▼▼▼
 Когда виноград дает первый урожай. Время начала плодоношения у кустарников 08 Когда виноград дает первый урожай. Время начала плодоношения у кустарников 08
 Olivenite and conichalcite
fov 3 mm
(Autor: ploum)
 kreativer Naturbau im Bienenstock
▲▲▲
▼▼▼
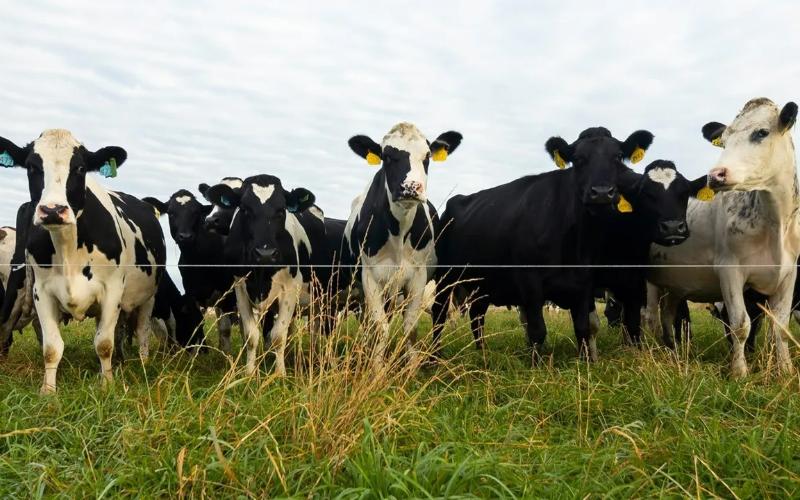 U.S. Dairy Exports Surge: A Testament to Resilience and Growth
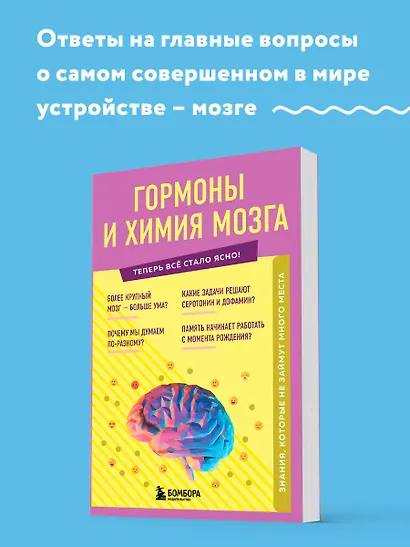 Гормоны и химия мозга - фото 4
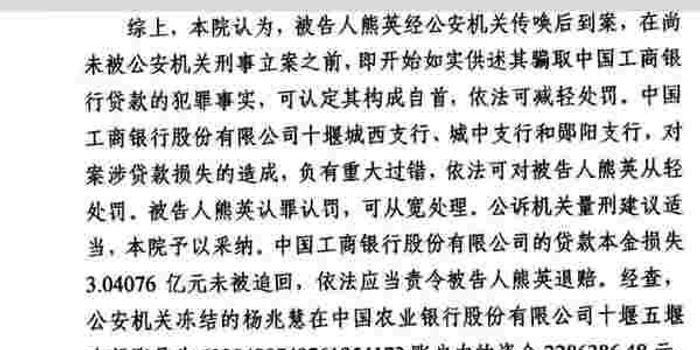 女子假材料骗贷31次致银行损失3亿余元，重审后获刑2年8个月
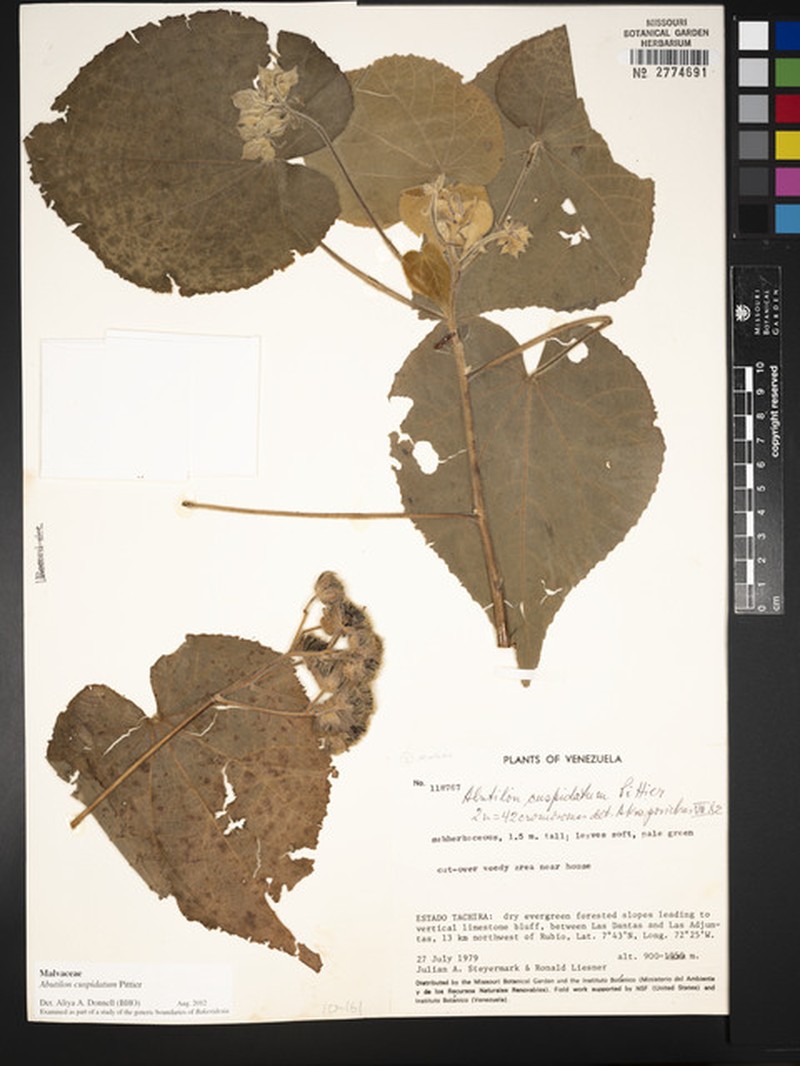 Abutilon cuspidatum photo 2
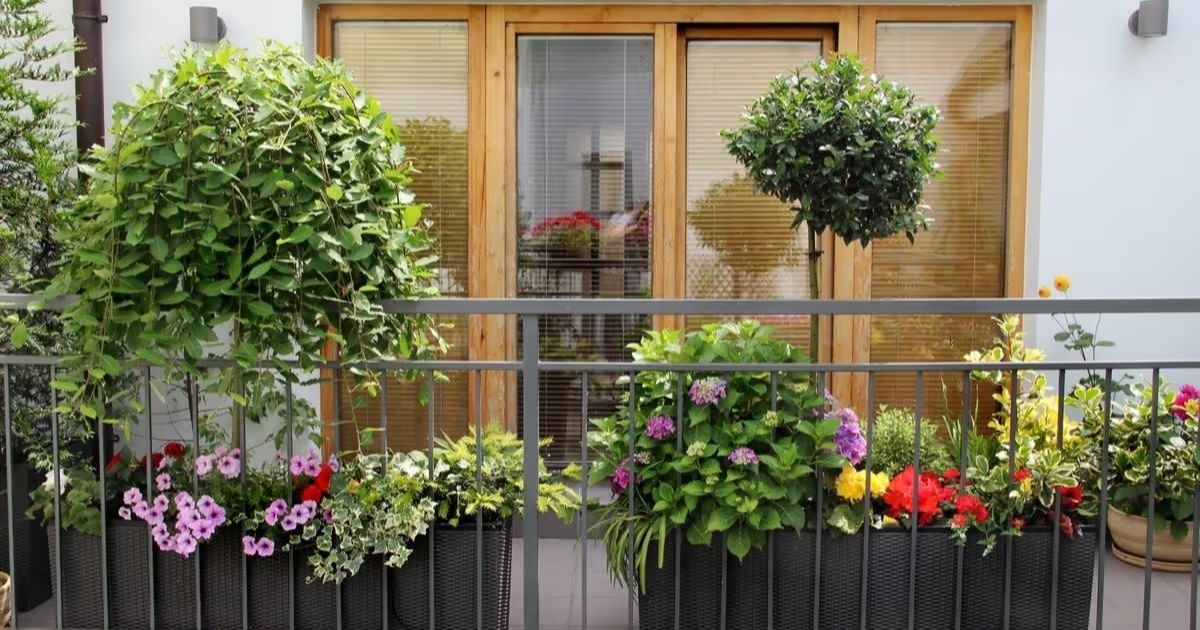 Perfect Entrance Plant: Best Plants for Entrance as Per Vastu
▲▲▲
▼▼▼
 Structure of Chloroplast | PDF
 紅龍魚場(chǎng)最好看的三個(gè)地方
▲▲▲
§ Assignment
Among the entries above, locate the lines containing "кустарников 08 Когда" and "kreativer Naturbau im Bienenstock", and transcribe exactly those two lines and all lines between.

§ Your response
 Когда виноград дает первый урожай. Время начала плодоношения у кустарников 08 Когда виноград дает первый урожай. Время начала плодоношения у кустарников 08
 Olivenite and conichalcite
fov 3 mm
(Autor: ploum)
 kreativer Naturbau im Bienenstock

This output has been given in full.